Annika Bengtzon (4): Reporter, Maulwürfe und das Web
Für den Chefredakteur in Liza Marklunds Kriminalromanen ist „richtiger Journalismus“ die Arbeit der Reporter – „richtige Maulwurfsarbeit… zu wissen, wie man dem Justizobmann einen Tag früher als geplant einen Bericht aus dem Kreuz leiert“. Als der Chef Annika Bengtzon in die Redaktion zurückholt, gibt er ihr eine Tasche mit einem neuen Laptop:
Von nun an sind Sie Tagesreporter, Sie haben flexible Arbeitszeiten und einen freien Arbeitsplatz, müssen aber dem Desk zur Verfügung stehen. Sie dürfen nicht in der Weltgeschichte herumfahren, ohne dass wir wissen, wo Sie sind und was Sie tun. Und wenn Sie in der Redaktion arbeiten müssen, gibt es eigens dafür eingerichtete Plätze, die den Tagesreportern zugedacht sind, jedenfalls vorerst.
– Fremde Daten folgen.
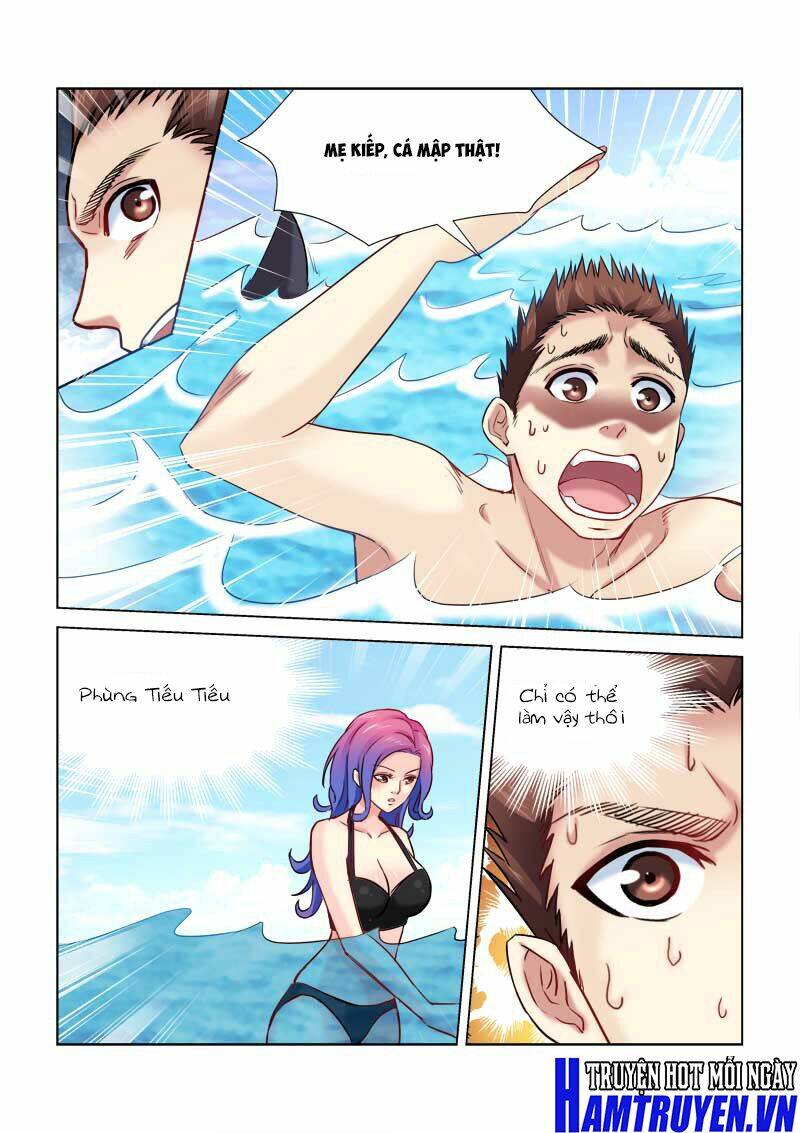 Cao Thủ Cận Vệ Của Hoa Khôi: Chapter 178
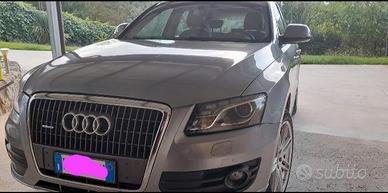 audi Q5 2000cc 170 cavalli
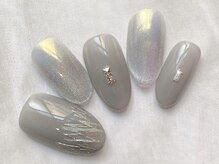 ネイルサロン イズ 目黒店(NAIL SALON iS)/Ｅコース☆初回オフ込10980円☆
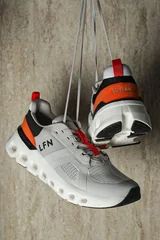 Axel Erkek Sneaker Ayakkabı Beyaz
Wir werden sehen, wie viel genutzt werden. (Nobels Testament, 214f.)
Der Nachteil der wechselnden Arbeitsplätze: Keiner räumt auf – wie in einer WG. Annika findet Apfelgehäuse, Notizen und alte Kaffeebecher.“ Jetzt würde sie also auch noch bei der Arbeit zur Putzfrau mutieren. Sie biss die Zähne zusammen, nahm einen Papierkorb und fegte alles unsortiert hinein. Dann holte sie ein feuchtes Papierhandtuch vom Damenklo und wischte die Kaffeeflecken und Apfelreste von einem der Tische. Schließlich packte sie ihren Laptop aus.“ (Nobels Testament 349)
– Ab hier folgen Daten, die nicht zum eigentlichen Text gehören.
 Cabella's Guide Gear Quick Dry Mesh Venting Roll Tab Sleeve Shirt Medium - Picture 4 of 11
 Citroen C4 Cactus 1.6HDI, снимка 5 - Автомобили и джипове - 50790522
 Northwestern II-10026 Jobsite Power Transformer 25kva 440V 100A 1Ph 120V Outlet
Aus den Einzelplätzen wird – einen Roman später in „Lebenslänglich“ – ein langer Arbeitstisch für die Tagesreporter, an dem sie offenbar gemeinsam sitzen.
Reporter und Pressekonferenzen
In Pressekonferenzen hatten Reporter etwas Undurchdringliches, nie würden sie zulassen, dass ihre Körpersprache eine Gefühlsregung verriet.
(Nobels Testament 105)
Die Reporter und das Web
Ein wenig verzweifelt wirkt er schon, der Chefredakteur, als er seine, in die Zeitung verliebten Reporter ermahnt:
Denkt ans Web, wenn ihr unterwegs seid. Deadline gibt es nicht mehr, es wird ständig aktualisiert. Das hier ist Teamwork, vergesst das nicht!
Das hat Liza Marklund vor sieben Jahren geschrieben, durch viele Redaktionen schallt dieser Ruf immer noch, ebenso viele Redaktionen warten noch darauf.